▶ Data under study:
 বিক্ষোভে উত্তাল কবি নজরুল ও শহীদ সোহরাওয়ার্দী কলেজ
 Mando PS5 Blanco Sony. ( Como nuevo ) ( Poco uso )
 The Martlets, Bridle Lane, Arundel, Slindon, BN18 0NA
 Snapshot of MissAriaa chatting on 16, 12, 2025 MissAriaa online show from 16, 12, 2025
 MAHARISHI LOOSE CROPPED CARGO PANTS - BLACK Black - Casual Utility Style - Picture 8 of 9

--

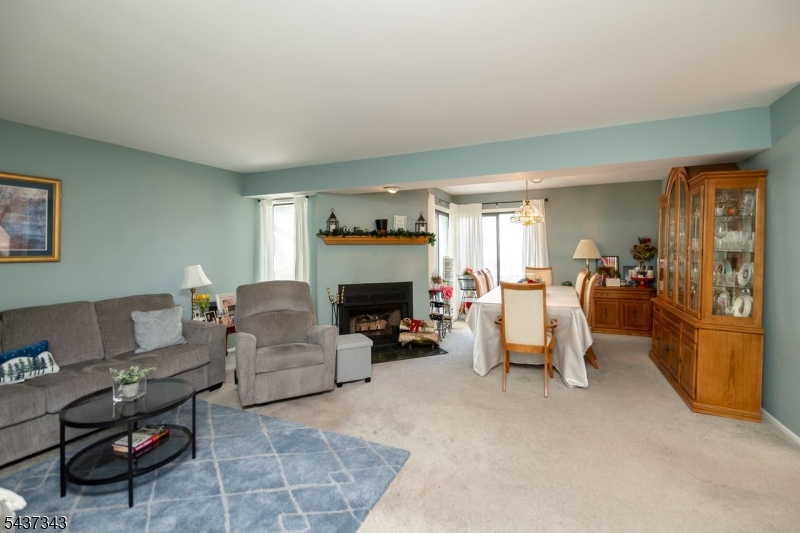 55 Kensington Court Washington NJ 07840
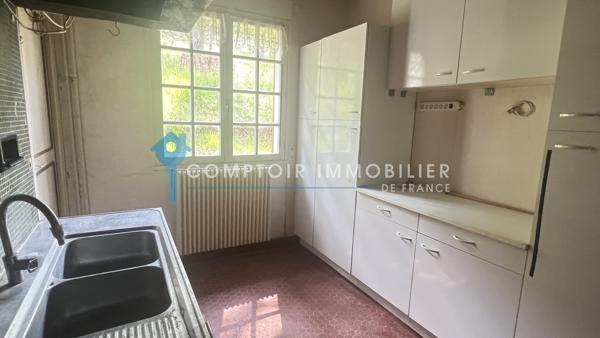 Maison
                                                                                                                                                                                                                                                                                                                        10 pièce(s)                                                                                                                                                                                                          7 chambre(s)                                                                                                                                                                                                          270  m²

---

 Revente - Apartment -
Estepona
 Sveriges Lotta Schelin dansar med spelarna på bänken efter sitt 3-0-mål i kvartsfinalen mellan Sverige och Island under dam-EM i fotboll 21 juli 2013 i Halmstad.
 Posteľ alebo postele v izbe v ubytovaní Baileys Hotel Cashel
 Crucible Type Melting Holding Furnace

▶ Activity: Using the data above, reproduce exactly the lines from the line that contains "বিক্ষোভে উত্তাল কবি" through the line that contains "MAHARISHI LOOSE CROPPED", including both.

▶ Exercise result:
 বিক্ষোভে উত্তাল কবি নজরুল ও শহীদ সোহরাওয়ার্দী কলেজ
 Mando PS5 Blanco Sony. ( Como nuevo ) ( Poco uso )
 The Martlets, Bridle Lane, Arundel, Slindon, BN18 0NA
 Snapshot of MissAriaa chatting on 16, 12, 2025 MissAriaa online show from 16, 12, 2025
 MAHARISHI LOOSE CROPPED CARGO PANTS - BLACK Black - Casual Utility Style - Picture 8 of 9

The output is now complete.